Your task:
Write out, with no changes, every line starting at the one that contains "Organoids Are Us 2024" and ending at the last line of the data below. Leave pictures out.

[Scraped caption text data]
· · · · · · ·

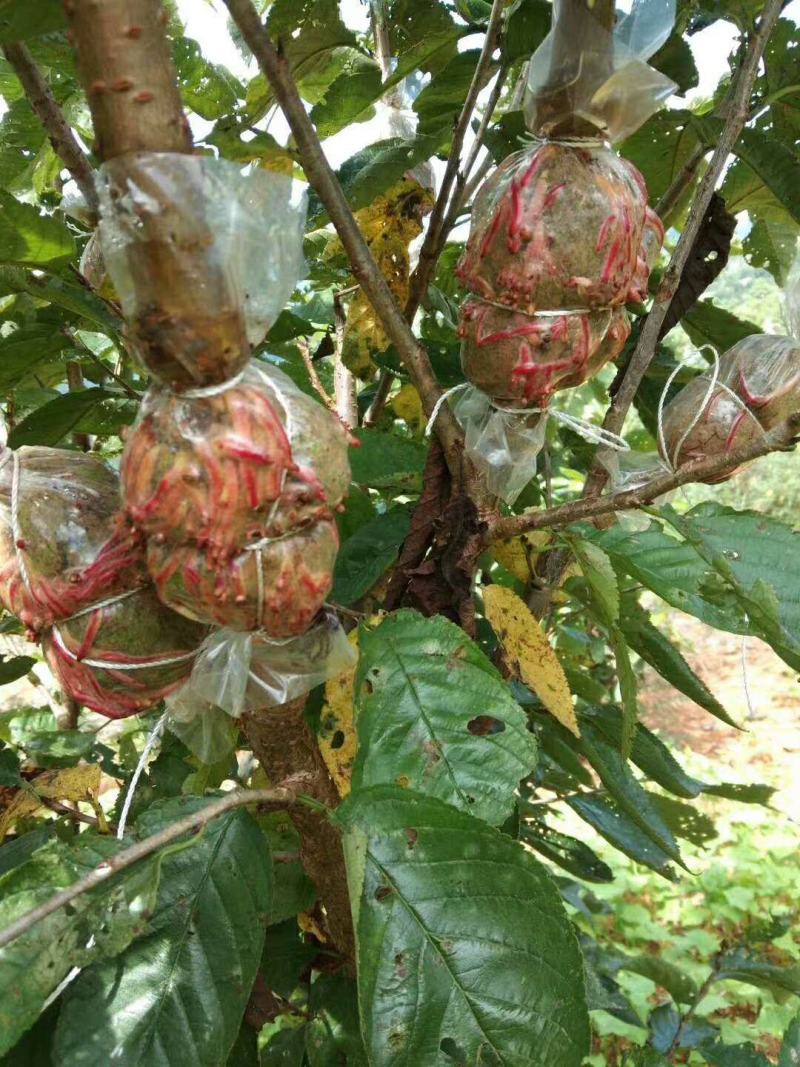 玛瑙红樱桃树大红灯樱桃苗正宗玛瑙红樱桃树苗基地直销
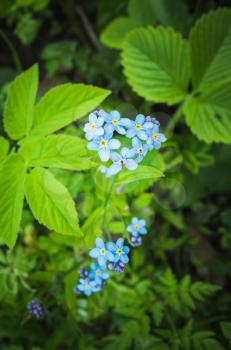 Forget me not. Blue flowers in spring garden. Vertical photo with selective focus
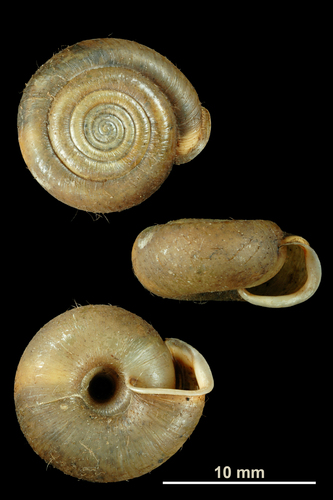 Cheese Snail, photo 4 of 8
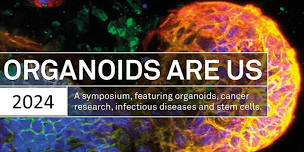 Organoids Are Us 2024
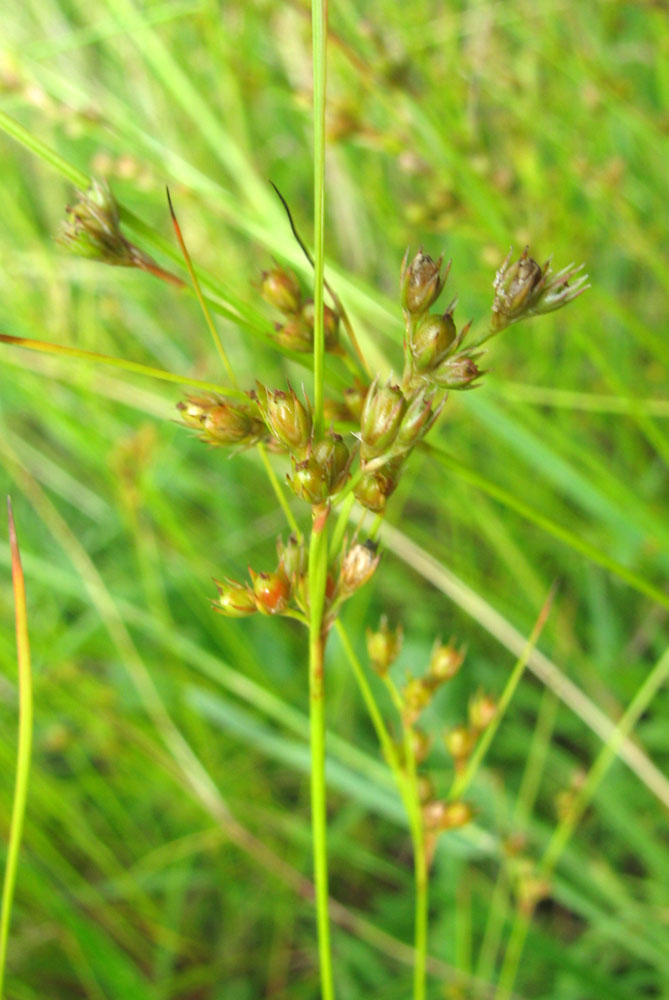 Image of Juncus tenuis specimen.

· · · · · · ·

Written answer:
 Organoids Are Us 2024
 Image of Juncus tenuis specimen.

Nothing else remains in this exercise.